Article published in The Odessa Review, issue of December 16 / January 17.
This article is part of the ongoing project « Looking for Lenin », in partnership with Niels Ackermann. Be sure to like and follow the Facebook Page of the project: After Lenin
Ukraine’s official efforts at Decommunization were passed into law by the Verhovna Rada in the spring of 2015. Secret security service archives were opened up to the light of day, streets named after Soviet era heroes were renamed after various Ukrainian personalities, some of them controversial. Symbols and relics of the Soviet regime were banned. In fact, all sorts of symbols of the communist era including flags and artefacts were banned. Most symbolic of all was the banning of the statues of Soviet leader Vladimir Ilyich Lenin. The process had first began on the night of December 8, 2013 during the midst of the Maidan revolution, when the anti-government protestors successfully toppled a gigantic statue of Lenin standing in the middle of Kyiv. That statue’s fall was a symbolic start that was replicated in hundreds of cities and villages all across the country, in a process that has taken different forms in different places. The continued process of decommissioning of the statues and the often violent destruction that has accompanied it took place over the course of the last year and a half has been called the “Leninopad” or simply the “Lenin-fall”. Some of the Lenin statues are removed quietly by government authorities, and in some places thuggish groups of vigilante and nationalist oriented young men take matters into their own hands, just as often engaging in violent skirmishes with pro-Russian or Soviet nostalgic locals. The fate of the Lenin statues is a remarkable aspect of contemporary Ukraine. The Swiss photographer Niels Ackermann and the French journalist Sébastien Gobert have been traveling around Ukraine chronicling the “Leninopad” for a forthcoming book.

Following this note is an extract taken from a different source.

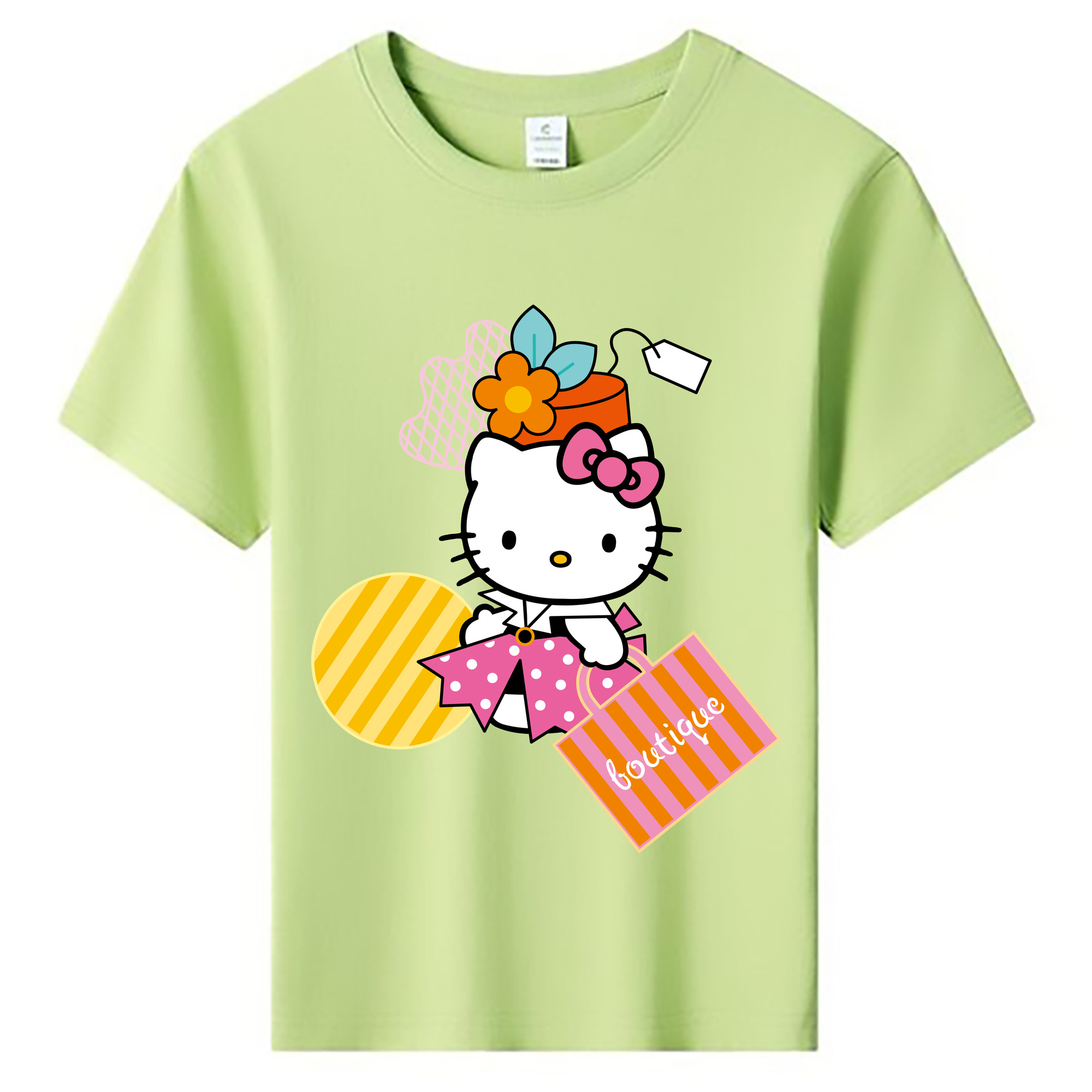 （画像用） Hello Kitty ハローキティ 綿100％キッズTシャツ（フロントプリント）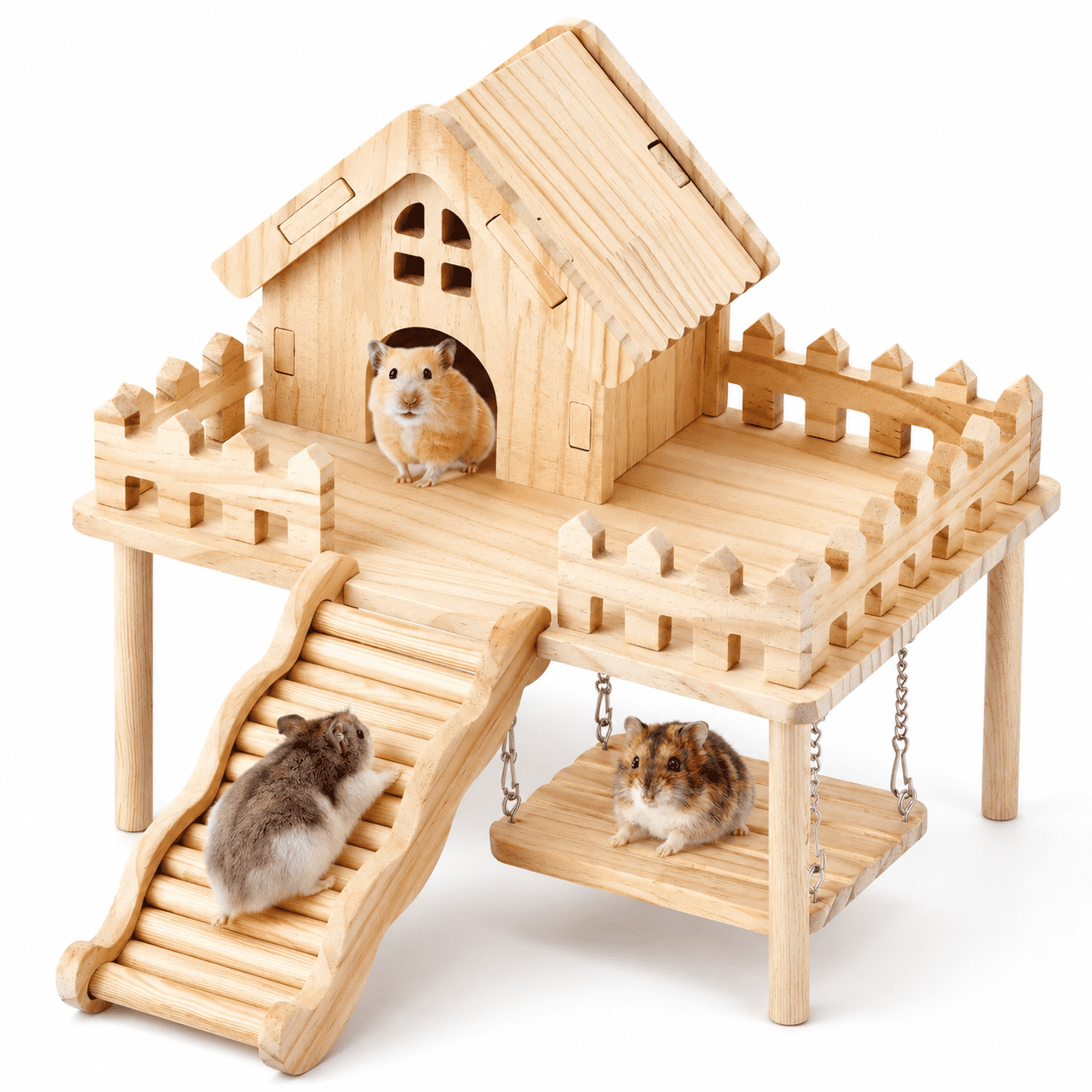 Wooden Small Animal Play Set With Platform Ramp And Swing For Hamsters Gerbils Mice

There is not a single monument to Lenin left standing in Ukraine. According to multiple Ukrainian news agencies, on October 24th, the last standing statue of the Bolshevik leader was removed from the town center of Novohorod-Siverskiy. The felling of the last standing monument of its kind in the country marks an obvious epochal shift for contemporary Ukraine. Yet, the process of Decommunization is far from complete: there remain smaller sculptures and busts here and there. And one should also not forget the monuments still standing in the occupied territories in Crimea and Donbass where a renewed Soviet nostalgia has taken hold.
Yet, the fact remains: Lenin is no longer a part of Ukraine’s landscape. As the scholar and art collector Myroslava Hartmond puts it in her essay in “Minima Ucrainica: “The Mother Goddess archetype that is the Ukrainian landscape is liberated of the host of phallic columns that have sought to dominate her forevermore”.